### AIM OF THE TASK
Print the listing below exactly, leaving nothing out.

### ENTRIES SHOWN
************

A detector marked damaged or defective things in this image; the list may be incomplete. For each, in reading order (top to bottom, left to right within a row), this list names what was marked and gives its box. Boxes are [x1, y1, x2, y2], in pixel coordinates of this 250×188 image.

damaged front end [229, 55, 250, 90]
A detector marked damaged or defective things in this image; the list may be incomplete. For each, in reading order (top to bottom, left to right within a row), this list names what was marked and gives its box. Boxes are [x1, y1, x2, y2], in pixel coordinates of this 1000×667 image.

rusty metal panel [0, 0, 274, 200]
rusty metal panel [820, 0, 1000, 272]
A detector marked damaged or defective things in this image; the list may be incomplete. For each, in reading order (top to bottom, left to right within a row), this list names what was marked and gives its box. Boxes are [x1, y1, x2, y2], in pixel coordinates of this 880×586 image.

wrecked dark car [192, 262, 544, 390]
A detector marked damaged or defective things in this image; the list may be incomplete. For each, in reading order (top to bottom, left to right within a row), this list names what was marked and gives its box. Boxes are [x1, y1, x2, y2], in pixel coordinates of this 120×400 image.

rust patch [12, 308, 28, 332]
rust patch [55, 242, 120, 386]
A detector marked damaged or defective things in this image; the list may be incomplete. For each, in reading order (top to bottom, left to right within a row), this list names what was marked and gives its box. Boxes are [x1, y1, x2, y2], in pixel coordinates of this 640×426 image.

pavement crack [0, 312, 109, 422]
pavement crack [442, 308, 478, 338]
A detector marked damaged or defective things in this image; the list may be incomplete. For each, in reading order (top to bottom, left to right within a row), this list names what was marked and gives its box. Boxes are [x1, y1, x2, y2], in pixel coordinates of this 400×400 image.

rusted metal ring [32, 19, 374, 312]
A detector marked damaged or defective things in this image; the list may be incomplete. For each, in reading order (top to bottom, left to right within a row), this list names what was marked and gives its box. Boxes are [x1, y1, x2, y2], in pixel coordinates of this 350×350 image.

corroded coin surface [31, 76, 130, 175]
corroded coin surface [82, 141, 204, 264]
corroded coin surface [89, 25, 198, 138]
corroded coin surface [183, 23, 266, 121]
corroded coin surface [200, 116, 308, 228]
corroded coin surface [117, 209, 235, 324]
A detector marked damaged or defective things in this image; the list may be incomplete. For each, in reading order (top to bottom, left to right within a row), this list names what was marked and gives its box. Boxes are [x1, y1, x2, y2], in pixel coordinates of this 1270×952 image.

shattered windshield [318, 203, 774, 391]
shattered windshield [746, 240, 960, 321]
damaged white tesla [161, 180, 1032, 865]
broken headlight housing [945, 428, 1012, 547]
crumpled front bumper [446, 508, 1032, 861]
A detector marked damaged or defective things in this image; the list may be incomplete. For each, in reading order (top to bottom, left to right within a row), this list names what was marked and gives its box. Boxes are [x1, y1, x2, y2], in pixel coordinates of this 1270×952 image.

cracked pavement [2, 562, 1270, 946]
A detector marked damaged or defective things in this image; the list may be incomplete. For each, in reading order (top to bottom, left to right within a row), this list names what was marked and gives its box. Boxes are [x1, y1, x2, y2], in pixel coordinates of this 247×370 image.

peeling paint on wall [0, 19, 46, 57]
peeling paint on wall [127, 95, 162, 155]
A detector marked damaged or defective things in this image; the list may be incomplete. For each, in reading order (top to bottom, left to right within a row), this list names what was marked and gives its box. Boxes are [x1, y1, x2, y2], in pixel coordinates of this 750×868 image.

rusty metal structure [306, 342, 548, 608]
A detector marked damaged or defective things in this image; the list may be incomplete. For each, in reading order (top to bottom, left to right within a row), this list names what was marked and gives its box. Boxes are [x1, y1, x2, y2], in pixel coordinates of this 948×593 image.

************

### SOLUTION FOR THIS TASK
A detector marked damaged or defective things in this image; the list may be incomplete. For each, in reading order (top to bottom, left to right within a row), this list names what was marked and gives its box. Boxes are [x1, y1, x2, y2], in pixel coordinates of this 250×188 image.

damaged front end [229, 55, 250, 90]
A detector marked damaged or defective things in this image; the list may be incomplete. For each, in reading order (top to bottom, left to right within a row), this list names what was marked and gives its box. Boxes are [x1, y1, x2, y2], in pixel coordinates of this 1000×667 image.

rusty metal panel [0, 0, 274, 200]
rusty metal panel [820, 0, 1000, 272]
A detector marked damaged or defective things in this image; the list may be incomplete. For each, in reading order (top to bottom, left to right within a row), this list names what was marked and gives its box. Boxes are [x1, y1, x2, y2], in pixel coordinates of this 880×586 image.

wrecked dark car [192, 262, 544, 390]
A detector marked damaged or defective things in this image; the list may be incomplete. For each, in reading order (top to bottom, left to right within a row), this list names what was marked and gives its box. Boxes are [x1, y1, x2, y2], in pixel coordinates of this 120×400 image.

rust patch [12, 308, 28, 332]
rust patch [55, 242, 120, 386]
A detector marked damaged or defective things in this image; the list may be incomplete. For each, in reading order (top to bottom, left to right within a row), this list names what was marked and gives its box. Boxes are [x1, y1, x2, y2], in pixel coordinates of this 640×426 image.

pavement crack [0, 312, 109, 422]
pavement crack [442, 308, 478, 338]
A detector marked damaged or defective things in this image; the list may be incomplete. For each, in reading order (top to bottom, left to right within a row), this list names what was marked and gives its box. Boxes are [x1, y1, x2, y2], in pixel coordinates of this 400×400 image.

rusted metal ring [32, 19, 374, 312]
A detector marked damaged or defective things in this image; the list may be incomplete. For each, in reading order (top to bottom, left to right within a row), this list names what was marked and gives its box. Boxes are [x1, y1, x2, y2], in pixel coordinates of this 350×350 image.

corroded coin surface [31, 76, 130, 175]
corroded coin surface [82, 141, 204, 264]
corroded coin surface [89, 25, 198, 138]
corroded coin surface [183, 23, 266, 121]
corroded coin surface [200, 116, 308, 228]
corroded coin surface [117, 209, 235, 324]
A detector marked damaged or defective things in this image; the list may be incomplete. For each, in reading order (top to bottom, left to right within a row), this list names what was marked and gives its box. Boxes are [x1, y1, x2, y2], in pixel coordinates of this 1270×952 image.

shattered windshield [318, 203, 774, 391]
shattered windshield [746, 240, 960, 321]
damaged white tesla [161, 180, 1032, 865]
broken headlight housing [945, 428, 1012, 547]
crumpled front bumper [446, 508, 1032, 861]
A detector marked damaged or defective things in this image; the list may be incomplete. For each, in reading order (top to bottom, left to right within a row), this list names what was marked and gives its box. Boxes are [x1, y1, x2, y2], in pixel coordinates of this 1270×952 image.

cracked pavement [2, 562, 1270, 946]
A detector marked damaged or defective things in this image; the list may be incomplete. For each, in reading order (top to bottom, left to right within a row), this list names what was marked and gives its box. Boxes are [x1, y1, x2, y2], in pixel coordinates of this 247×370 image.

peeling paint on wall [0, 19, 46, 57]
peeling paint on wall [127, 95, 162, 155]
A detector marked damaged or defective things in this image; the list may be incomplete. For each, in reading order (top to bottom, left to right within a row), this list names what was marked and gives its box. Boxes are [x1, y1, x2, y2], in pixel coordinates of this 750×868 image.

rusty metal structure [306, 342, 548, 608]
A detector marked damaged or defective things in this image; the list may be incomplete. For each, in reading order (top to bottom, left to right within a row), this list names what was marked and gives its box. Boxes are [x1, y1, x2, y2], in pixel coordinates of this 948×593 image.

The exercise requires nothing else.